02 octobre 2010

Indian reservations

Curieusement, la route qui va de Tuba City à Window Rock passe par la réserve Hopi, sorte d'enclave en pays Navajo.
Navajo, Hopi ... les noms sont familiers à tout lecteur de Tony Hillerman. Mais au delà des noms, ce sont les lieux que nous étions impatients de découvrir, ces lieux que Joe Leaphorn et Jim Chee ne cessent de traverser à toute allure pour résoudre les affaires policières qui leurs sont confiées.

Les paysages sont splendides, immenses et vastes; les prairies couvertes de fleurs et de graminées brûlées par le soleil; les ciels bleus à l'infini avec juste ce qu'il faut de nuage pour enchanter l'oeil.


Mais le reste est source de désolation. L'habitat, éparpillé mais surtout délabré, laisse imaginer les conditions de vie des Indiens, qu'ils soient Navajo, Hopi, ou Zuni. L'ouverture de casinos a certainement permis de drainer des ressources vers les communautés qui ont fait ce choix; mais celles qui ont fait le choix de préserver avant tout leurs traditions, et ne s'ouvrent d'ailleurs aux voyageurs de passage qu'avec beaucoup de réticences, celles-là vivent apparemment dans la plus grande misère.



Les maisons sont petites, parfois en dur mais pas toujours : mobile homes, caravanes, hangars, cabanons regroupés constituent l'illusion d'un hameau autour duquel gisent toutes sortes de débris, vieilles voitures, instruments agricoles rongés par la rouille...

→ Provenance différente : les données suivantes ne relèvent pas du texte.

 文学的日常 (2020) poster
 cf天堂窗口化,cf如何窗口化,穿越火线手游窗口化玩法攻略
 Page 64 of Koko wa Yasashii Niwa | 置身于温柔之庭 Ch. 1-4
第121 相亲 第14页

On se demande parfois si les lieux sont encore habités, déjà désertés ?
Mais aussi, de quoi peuvent bien vivre ceux qui ont choisi d'habiter sur ces mesas isolés ?
Un peu d'élevage peut-être mais d'agriculture il ne peut guère être question : les terres sont sèches, caillouteuses, arides ...
Du tourisme ? Certainement pas car les étrangers sont à peine tolérés sur les réserves et, sur les mesas Hopi il est strictement interdit de photographier, de filmer, d'enregistrer ou même de dessiner. Quant à se promener librement dans les villages, il n'en est pas question : les espaces accordées au voyageur sont excessivement restreints.
Difficile dans ces conditions de se faire une idée de la situation des Indiens d'Amérique, de comprendre leur attachement à une terre aussi ingrate, à une culture qui ne leur permet apparemment pas de changer, d'évoluer, de s'inscrire dans la modernité. S'agit-il pour eux d'un véritable choix, d'un refus d'entrer dans une société de consommation outrancière, d'un repliement sur des valeurs refuges ou d'une incapacité à affronter le monde tel qu'il est ?
Je n'en saurai rien : je n'ai fait que traverser ces territoires sans y pénétrer.

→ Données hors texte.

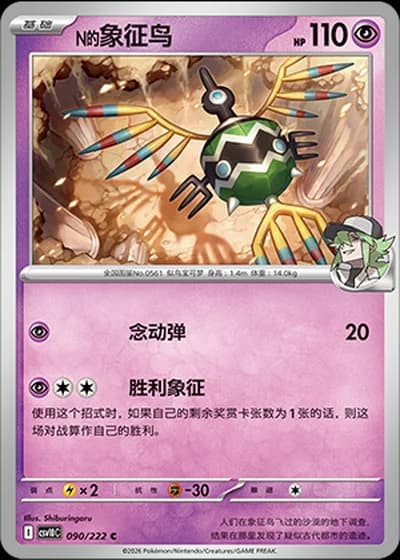 N's Sigilyph #90/222 — Chasing Glory Together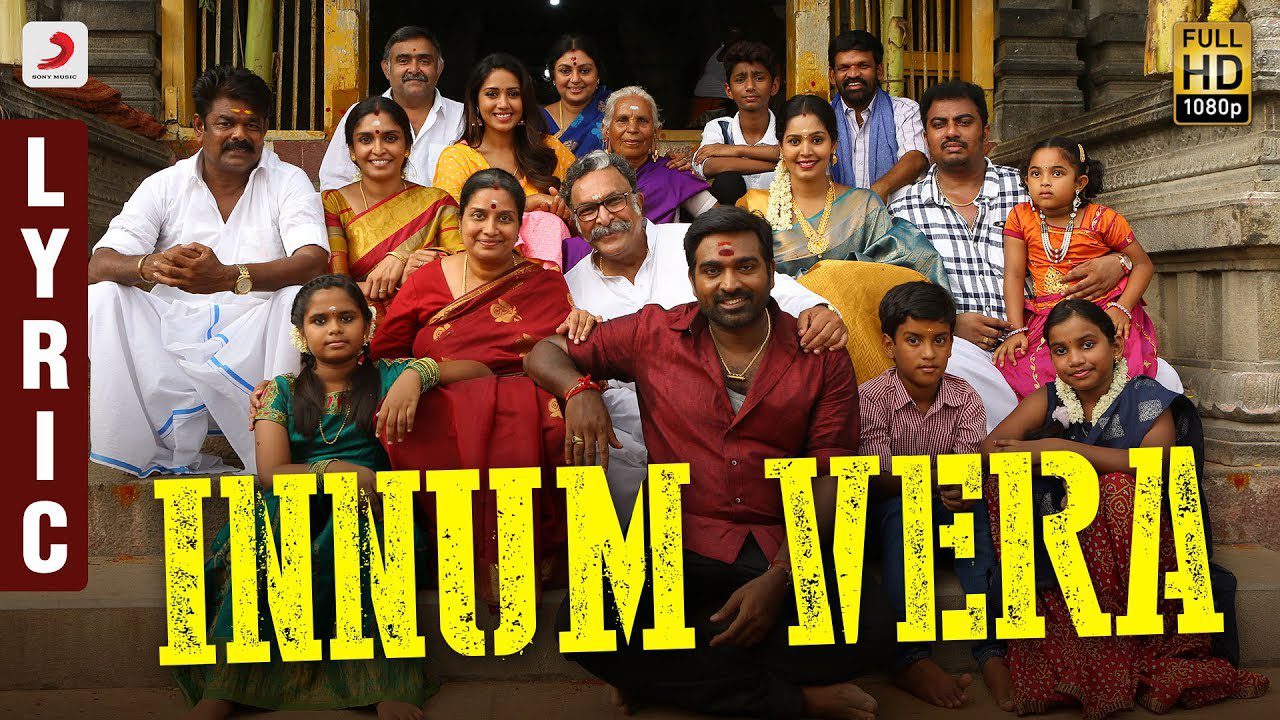 Innum Vera - Song Cover Image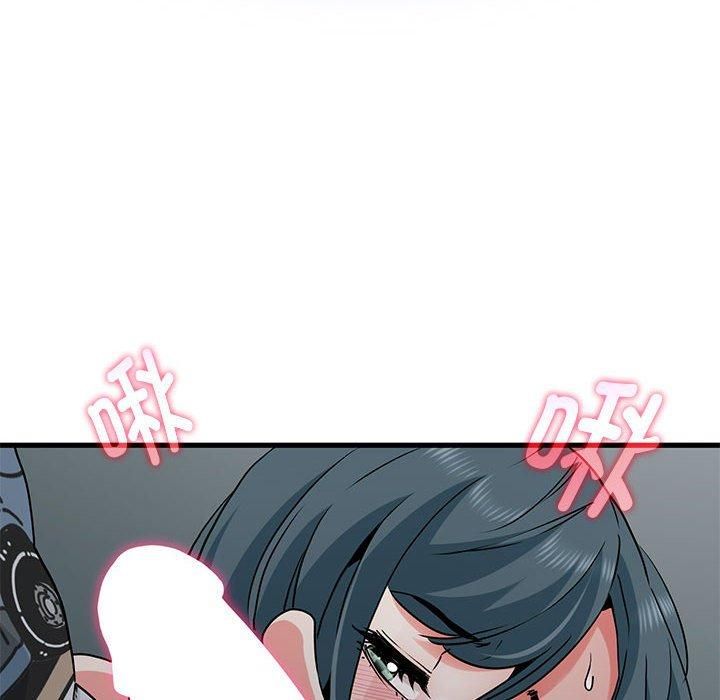 发小碰不得第42話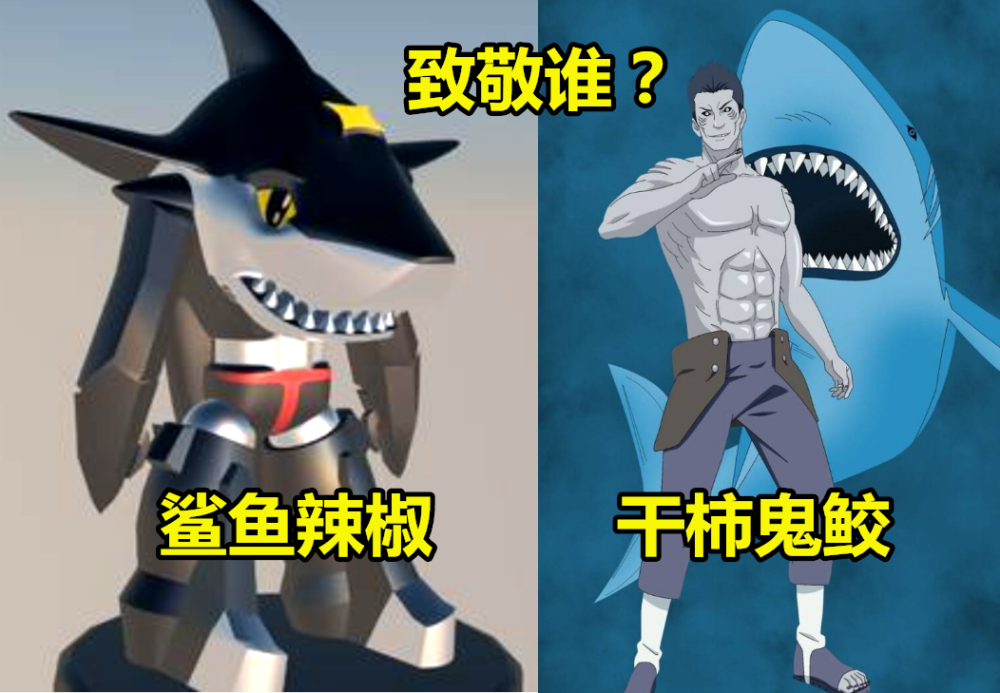 日本网友晒出"看到就想买的袜子",漫迷:鲨鱼会"吃撑"的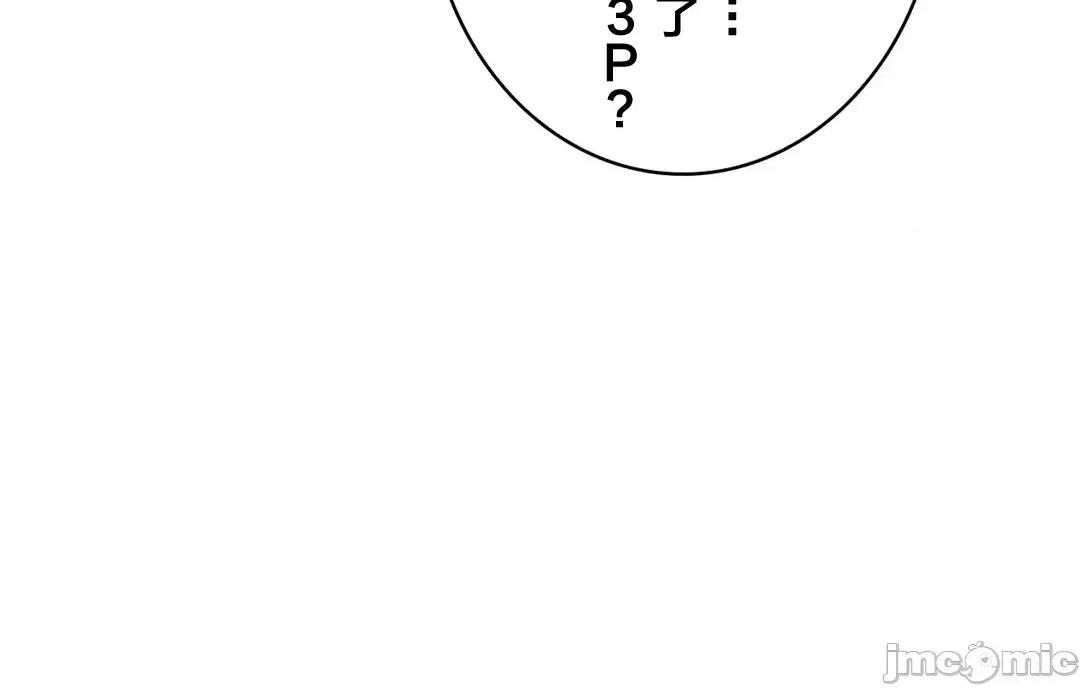 被迷人的香气所吸引 秘密办公室 30 第5页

Si toutefois je veux comprendre, il me reste les livres, ceux de Hillerman essentiellement : cet ancien journaliste, bien que blanc et originaire de l'Oklahoma, parvient, dans ses romans policiers, à transporter ses lecteurs au coeur des réserves indiennes de l'Arizona et du Nouveau-Mexique. Ses livres tiennent de l'essai ethnologique autant que du polar.

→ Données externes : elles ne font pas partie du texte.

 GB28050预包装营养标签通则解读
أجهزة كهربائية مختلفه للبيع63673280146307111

Mais je n'oublie pas que, depuis quelques décennies, un certain nombres d'auteurs indiens se sont fait connaître, parmi lesquels Sherman Alexie, dont je viens de lire Reservation Blues, l'histoire de trois jeunes Indiens Spokane qui montent un groupe de musique intitulé Coyote Springs. Le livre est drôle, inventif, souvent surprenant; coincé entre rêve et réalité, parfois le lecteur hésite un peu, mais finit par s'attacher à ces jeunes Indiens qui s'interrogent sur leur "indianité" et leur place dans la société. Passablement critique vis à vis de son peuple, Sherman Alexie parle sans détour du dénuement matériel des Indiens de la réserve, des ravages causés par l'alcool, et de leur ressentiment vis à vis de ceux qui se sont appropriés les terres sans tenir compte de leurs premiers habitants.